As organoboranes are valuable reagents in organic synthesis due to their versatility in functionalization, the demand for stereochemically well-defined organoboronates is increasing. While useful methods to prepare enantioenriched organoboron compounds have been developed, such as metal-catalyzed borylation and stoichiometric lithiation−borylation, the search for novel and more powerful asymmetric synthetic methods continues.

In general, the creation of simple alkylboron compounds with high enantiocontrol presents a greater challenge than the production of boron compounds with a biasing or directing substituent. Transition-metal-catalyzed C−C bond formation through allylic substitution is one powerful method to construct molecules. Among allylation methods, copper-catalyzed allylic substitution, or addition of an organometallic nucleophile to an electrophile with an allylic leaving group has proven to be widely applicable and versatile in synthesis.

A typical approach to the synthesis of organoboron compounds by copper-catalyzed allylic substitution is the installation of the C−B bond using a diboron as the nucleophile, to yield α-chiral allylboron compounds. Recently, the use of 1,1-diborylalkanes as the organometallic component to yield organoboron products by SN2′-selective substitution was reported by the Cho, Hoveyda, and Xiao group, respectively. However, regioand enantioselective substitution was only reported with 1,1- diborylmethane, which afforded β-chiral (from B), primary organoboron compounds. All of these methods discard one B moiety from the diboron starting material for activation and depend on the use of stereochemically well-defined prochiral allylic electrophiles to create stereogenic centers during the addition.

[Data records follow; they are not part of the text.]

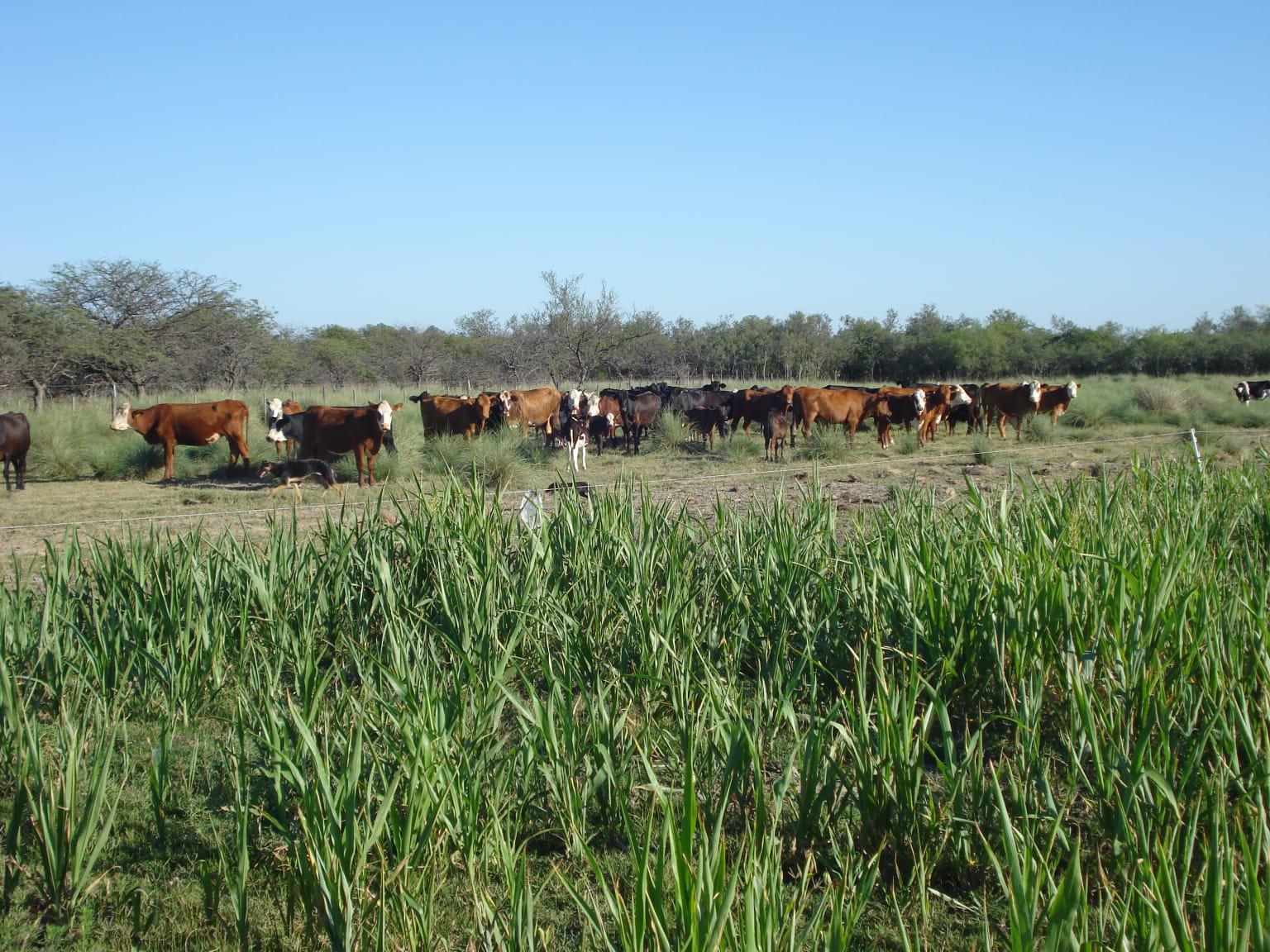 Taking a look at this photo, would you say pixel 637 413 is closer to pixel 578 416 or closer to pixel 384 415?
pixel 578 416

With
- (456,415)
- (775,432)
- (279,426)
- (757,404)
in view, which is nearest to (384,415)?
(279,426)

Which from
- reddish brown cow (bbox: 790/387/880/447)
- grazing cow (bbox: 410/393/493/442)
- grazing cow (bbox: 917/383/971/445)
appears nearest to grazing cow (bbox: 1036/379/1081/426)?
grazing cow (bbox: 917/383/971/445)

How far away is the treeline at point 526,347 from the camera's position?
28500mm

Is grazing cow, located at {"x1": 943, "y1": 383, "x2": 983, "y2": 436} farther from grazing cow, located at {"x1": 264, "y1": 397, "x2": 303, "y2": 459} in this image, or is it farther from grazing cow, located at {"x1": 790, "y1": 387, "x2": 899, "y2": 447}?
grazing cow, located at {"x1": 264, "y1": 397, "x2": 303, "y2": 459}

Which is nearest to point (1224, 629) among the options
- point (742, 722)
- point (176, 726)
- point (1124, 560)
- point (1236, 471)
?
point (1124, 560)

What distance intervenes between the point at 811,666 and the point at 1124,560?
1385mm

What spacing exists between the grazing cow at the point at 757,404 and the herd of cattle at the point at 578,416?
1.0 inches

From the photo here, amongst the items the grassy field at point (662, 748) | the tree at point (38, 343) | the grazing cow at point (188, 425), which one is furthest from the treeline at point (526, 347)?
the grassy field at point (662, 748)

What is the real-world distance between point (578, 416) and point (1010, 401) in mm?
9451

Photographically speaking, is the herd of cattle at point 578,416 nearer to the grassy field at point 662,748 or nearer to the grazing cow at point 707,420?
the grazing cow at point 707,420

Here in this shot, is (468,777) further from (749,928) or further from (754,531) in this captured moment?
(754,531)

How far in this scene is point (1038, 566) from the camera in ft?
12.9

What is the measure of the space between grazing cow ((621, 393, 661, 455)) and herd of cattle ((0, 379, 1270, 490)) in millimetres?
24

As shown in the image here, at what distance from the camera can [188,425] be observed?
52.0 ft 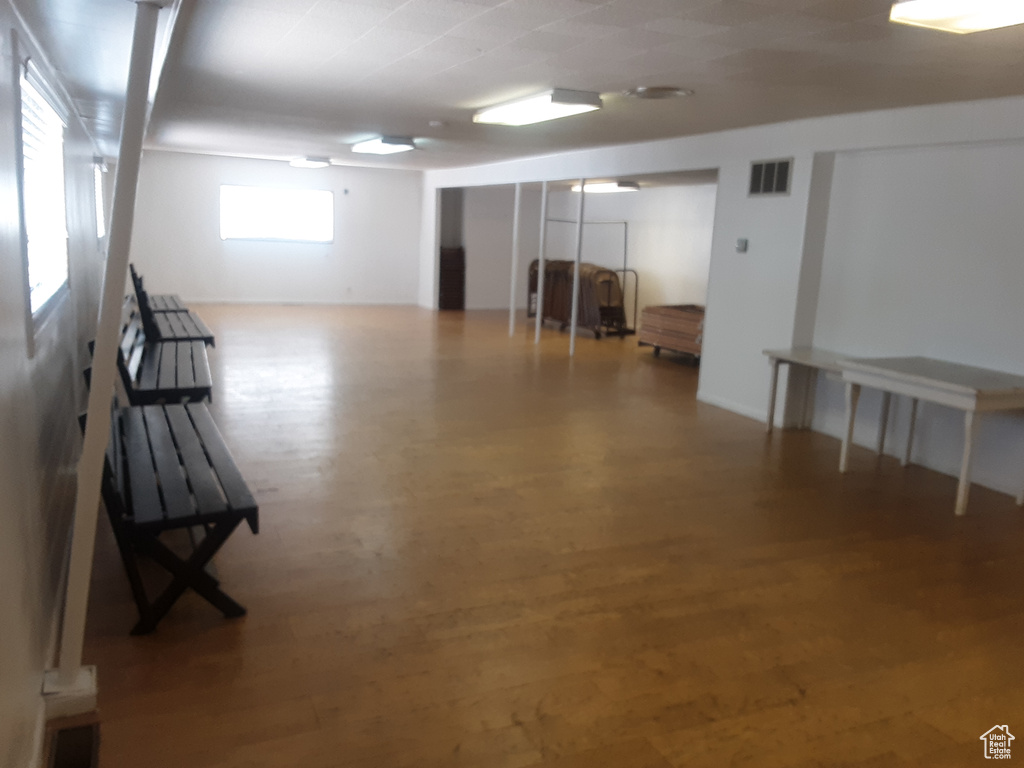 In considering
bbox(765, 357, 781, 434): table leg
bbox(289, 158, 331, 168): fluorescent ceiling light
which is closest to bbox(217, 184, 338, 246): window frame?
bbox(289, 158, 331, 168): fluorescent ceiling light

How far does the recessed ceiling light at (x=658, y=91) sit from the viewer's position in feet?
15.2

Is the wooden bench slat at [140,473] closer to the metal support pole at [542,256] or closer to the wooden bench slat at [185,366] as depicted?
the wooden bench slat at [185,366]

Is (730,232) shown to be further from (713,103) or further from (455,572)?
(455,572)

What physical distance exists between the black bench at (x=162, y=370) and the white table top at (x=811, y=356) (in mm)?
3881

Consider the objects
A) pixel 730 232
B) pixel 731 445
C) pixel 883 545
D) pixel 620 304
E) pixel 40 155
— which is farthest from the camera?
pixel 620 304

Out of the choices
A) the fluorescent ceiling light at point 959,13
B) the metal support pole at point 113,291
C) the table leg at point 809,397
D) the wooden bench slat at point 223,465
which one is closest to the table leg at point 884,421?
Result: the table leg at point 809,397

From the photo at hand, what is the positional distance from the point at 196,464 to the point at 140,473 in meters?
0.21

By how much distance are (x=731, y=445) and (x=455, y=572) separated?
2.88m

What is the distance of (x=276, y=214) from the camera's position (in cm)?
1309

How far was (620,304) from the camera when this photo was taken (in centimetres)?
1109

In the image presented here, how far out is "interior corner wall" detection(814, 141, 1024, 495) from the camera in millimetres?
4770

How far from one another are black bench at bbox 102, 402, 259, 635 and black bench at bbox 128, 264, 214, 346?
2639 mm

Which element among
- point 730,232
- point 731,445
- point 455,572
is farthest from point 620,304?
point 455,572

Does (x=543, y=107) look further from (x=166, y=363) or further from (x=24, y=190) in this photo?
(x=24, y=190) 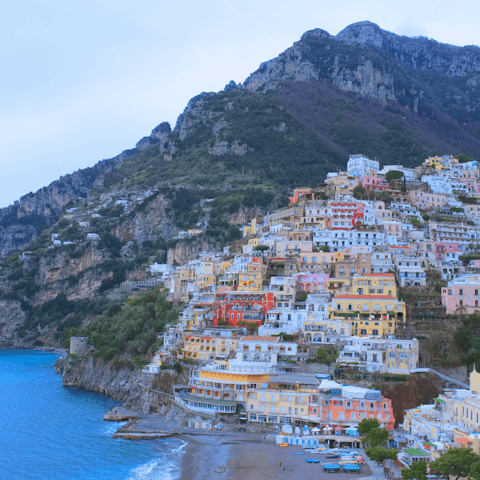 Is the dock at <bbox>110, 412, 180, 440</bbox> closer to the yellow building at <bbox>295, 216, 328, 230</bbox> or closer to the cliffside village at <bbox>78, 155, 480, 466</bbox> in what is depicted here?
the cliffside village at <bbox>78, 155, 480, 466</bbox>

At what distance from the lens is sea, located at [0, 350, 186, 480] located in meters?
49.4

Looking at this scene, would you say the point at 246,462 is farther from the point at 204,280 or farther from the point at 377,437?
the point at 204,280

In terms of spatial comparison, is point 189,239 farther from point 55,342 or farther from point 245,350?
point 245,350

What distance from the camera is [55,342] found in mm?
134000

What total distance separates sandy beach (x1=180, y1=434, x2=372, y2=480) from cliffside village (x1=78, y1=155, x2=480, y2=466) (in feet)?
8.72

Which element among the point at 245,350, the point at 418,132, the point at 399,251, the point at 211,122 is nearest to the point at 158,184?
the point at 211,122

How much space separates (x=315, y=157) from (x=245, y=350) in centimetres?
9354

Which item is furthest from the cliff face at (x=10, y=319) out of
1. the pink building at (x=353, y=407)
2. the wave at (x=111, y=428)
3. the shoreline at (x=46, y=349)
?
the pink building at (x=353, y=407)

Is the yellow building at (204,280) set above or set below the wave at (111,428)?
above

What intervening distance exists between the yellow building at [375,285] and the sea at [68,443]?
23.4m

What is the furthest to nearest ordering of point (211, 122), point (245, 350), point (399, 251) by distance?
point (211, 122) → point (399, 251) → point (245, 350)

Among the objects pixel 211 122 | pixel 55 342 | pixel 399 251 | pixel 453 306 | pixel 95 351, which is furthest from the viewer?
pixel 211 122

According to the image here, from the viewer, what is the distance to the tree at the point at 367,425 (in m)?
49.7

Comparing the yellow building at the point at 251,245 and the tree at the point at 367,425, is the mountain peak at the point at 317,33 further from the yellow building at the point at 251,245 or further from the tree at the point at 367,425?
the tree at the point at 367,425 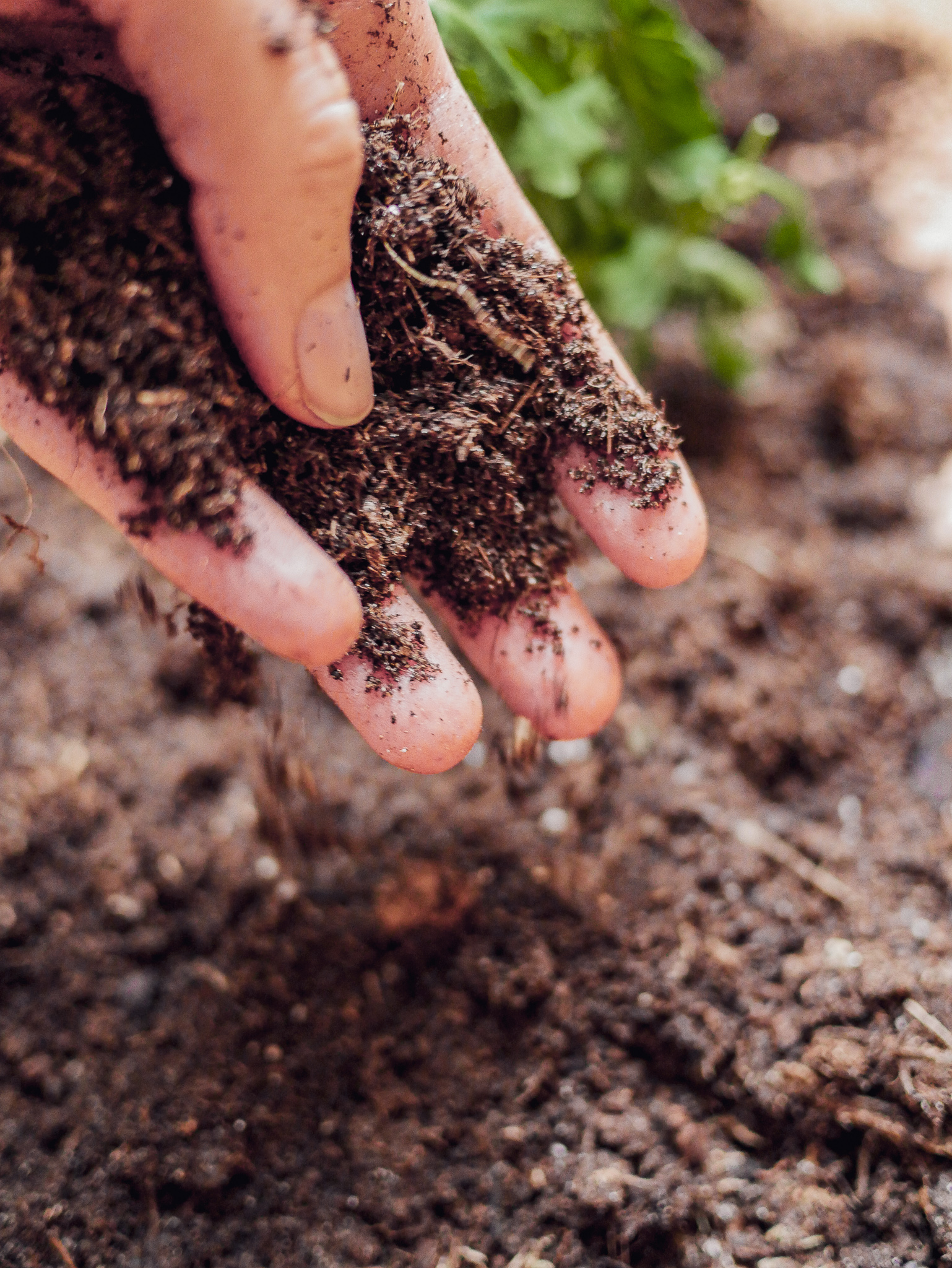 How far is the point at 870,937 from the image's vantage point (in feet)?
5.58

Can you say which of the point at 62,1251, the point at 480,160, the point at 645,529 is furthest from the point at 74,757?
the point at 480,160

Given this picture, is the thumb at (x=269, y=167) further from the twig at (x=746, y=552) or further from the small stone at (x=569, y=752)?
the twig at (x=746, y=552)

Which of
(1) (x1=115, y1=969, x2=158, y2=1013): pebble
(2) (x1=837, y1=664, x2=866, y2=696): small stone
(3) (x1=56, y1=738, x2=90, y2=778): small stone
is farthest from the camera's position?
(2) (x1=837, y1=664, x2=866, y2=696): small stone

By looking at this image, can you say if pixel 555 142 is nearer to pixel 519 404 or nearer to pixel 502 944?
pixel 519 404

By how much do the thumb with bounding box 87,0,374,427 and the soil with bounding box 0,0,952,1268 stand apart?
0.81 metres

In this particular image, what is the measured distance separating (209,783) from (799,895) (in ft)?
4.16

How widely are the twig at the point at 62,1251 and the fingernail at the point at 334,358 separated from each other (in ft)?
4.47

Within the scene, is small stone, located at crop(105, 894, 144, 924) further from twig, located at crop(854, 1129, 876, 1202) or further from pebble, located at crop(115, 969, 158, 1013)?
twig, located at crop(854, 1129, 876, 1202)

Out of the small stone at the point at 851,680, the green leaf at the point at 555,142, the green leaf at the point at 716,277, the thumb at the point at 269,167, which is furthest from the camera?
the green leaf at the point at 716,277

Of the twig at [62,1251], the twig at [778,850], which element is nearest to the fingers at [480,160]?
the twig at [778,850]

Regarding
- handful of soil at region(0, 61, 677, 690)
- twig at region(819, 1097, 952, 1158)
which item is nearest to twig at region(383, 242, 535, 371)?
handful of soil at region(0, 61, 677, 690)

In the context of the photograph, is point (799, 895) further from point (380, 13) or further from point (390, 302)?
point (380, 13)

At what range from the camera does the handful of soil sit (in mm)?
1281

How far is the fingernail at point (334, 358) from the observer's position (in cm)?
133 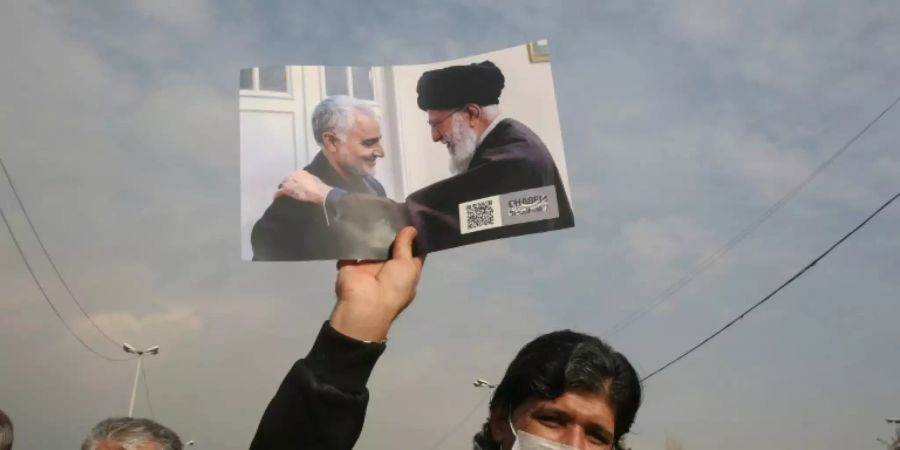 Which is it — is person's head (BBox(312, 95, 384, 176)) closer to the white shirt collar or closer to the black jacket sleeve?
the white shirt collar

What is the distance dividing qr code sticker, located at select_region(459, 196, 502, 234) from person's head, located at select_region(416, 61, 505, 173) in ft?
0.52

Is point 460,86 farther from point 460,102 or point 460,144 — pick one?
point 460,144

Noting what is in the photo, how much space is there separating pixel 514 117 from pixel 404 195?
1.35ft

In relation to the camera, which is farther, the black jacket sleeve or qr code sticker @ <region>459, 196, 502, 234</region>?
qr code sticker @ <region>459, 196, 502, 234</region>

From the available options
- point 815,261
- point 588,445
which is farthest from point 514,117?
point 815,261

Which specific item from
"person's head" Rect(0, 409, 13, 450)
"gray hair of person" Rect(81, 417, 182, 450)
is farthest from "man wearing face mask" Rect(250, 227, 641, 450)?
"person's head" Rect(0, 409, 13, 450)

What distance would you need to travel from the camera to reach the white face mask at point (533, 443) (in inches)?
73.0

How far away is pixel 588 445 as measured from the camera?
1877 millimetres

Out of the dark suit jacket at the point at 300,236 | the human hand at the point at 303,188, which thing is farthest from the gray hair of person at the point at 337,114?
the dark suit jacket at the point at 300,236

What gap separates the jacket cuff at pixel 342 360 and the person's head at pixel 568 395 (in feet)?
1.28

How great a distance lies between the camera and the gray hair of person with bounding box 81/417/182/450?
300 cm

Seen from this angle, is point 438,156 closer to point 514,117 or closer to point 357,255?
point 514,117

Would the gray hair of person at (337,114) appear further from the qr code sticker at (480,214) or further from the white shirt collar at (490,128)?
the qr code sticker at (480,214)

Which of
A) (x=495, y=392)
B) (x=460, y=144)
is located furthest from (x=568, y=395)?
(x=460, y=144) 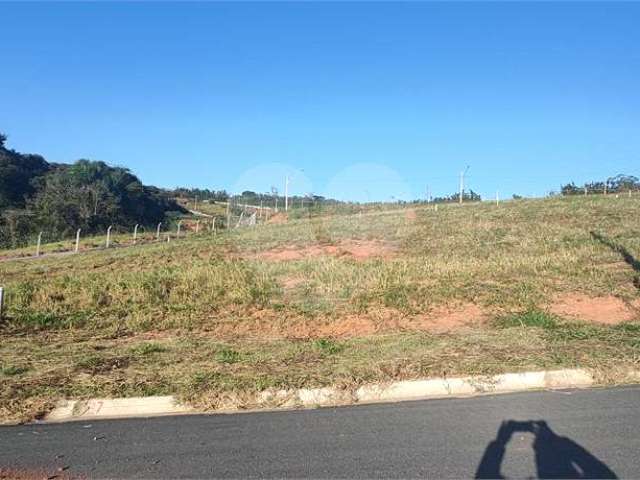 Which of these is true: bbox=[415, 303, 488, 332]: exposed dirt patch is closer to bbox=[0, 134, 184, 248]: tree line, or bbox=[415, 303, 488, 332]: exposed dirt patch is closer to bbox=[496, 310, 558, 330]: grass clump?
bbox=[496, 310, 558, 330]: grass clump

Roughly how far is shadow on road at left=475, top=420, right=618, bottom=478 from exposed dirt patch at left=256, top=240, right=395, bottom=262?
36.3ft

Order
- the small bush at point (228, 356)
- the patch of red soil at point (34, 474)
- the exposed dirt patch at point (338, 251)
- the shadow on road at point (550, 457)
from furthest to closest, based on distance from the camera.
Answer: the exposed dirt patch at point (338, 251) → the small bush at point (228, 356) → the patch of red soil at point (34, 474) → the shadow on road at point (550, 457)

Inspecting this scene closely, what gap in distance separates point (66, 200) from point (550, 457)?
141ft

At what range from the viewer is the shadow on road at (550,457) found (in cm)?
392

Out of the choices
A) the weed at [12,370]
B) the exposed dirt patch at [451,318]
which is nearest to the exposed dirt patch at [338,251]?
the exposed dirt patch at [451,318]

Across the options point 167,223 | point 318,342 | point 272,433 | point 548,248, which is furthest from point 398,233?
point 167,223

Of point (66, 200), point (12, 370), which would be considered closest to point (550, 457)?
point (12, 370)

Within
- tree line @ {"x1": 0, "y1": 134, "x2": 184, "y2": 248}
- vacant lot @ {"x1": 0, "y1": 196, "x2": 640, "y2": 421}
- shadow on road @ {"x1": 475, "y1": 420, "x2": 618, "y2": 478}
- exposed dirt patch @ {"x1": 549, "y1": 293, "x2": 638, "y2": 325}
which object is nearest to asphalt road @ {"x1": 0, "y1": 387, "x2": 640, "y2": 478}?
shadow on road @ {"x1": 475, "y1": 420, "x2": 618, "y2": 478}

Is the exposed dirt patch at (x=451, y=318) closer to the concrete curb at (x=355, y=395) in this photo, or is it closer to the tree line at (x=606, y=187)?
the concrete curb at (x=355, y=395)

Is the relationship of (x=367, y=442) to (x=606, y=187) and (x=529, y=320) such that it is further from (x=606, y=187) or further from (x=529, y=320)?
(x=606, y=187)

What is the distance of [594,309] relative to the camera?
30.2ft

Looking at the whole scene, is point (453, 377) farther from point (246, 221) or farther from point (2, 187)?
point (2, 187)

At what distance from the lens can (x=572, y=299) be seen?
9.74 metres

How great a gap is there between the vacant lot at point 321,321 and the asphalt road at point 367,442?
0.58m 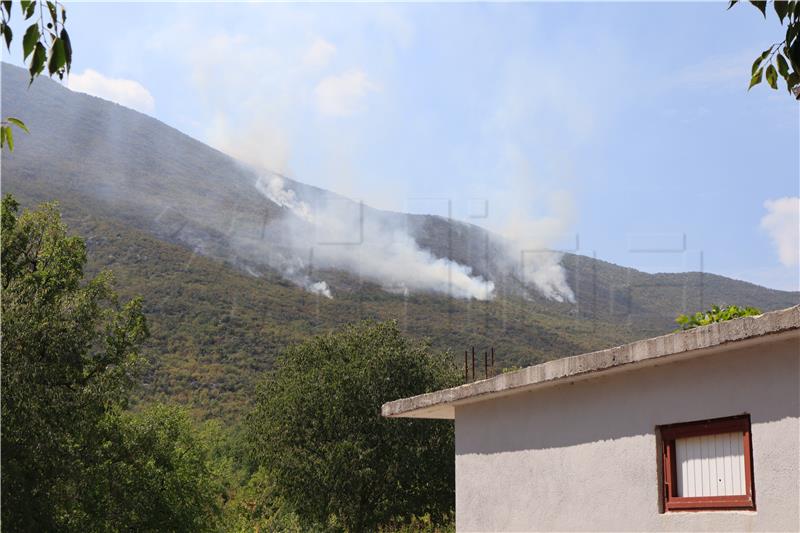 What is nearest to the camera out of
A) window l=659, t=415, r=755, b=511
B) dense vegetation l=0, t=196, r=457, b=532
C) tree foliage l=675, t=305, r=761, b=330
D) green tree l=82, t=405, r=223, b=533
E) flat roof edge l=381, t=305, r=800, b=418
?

Herein they report a highly enantioselective synthesis of alkyl organoboron compounds starting from easily preparable alkenylboron compounds, by an efficient addition of B-α-chiral organocopper species to allyl phosphates. The keys to successful transformation are (1) highly regio- and enantioselective hydrocupration to borylalkenes and (2) subsequent asymmetric C−C bond formation with high efficiency.

They believe this protocol provides easy access to chiral secondary homoallylic alkylboron compounds with high enantioselectivity; and efforts to expand the use of B-α-chiral organocopper species in catalytic bond formations are currently underway.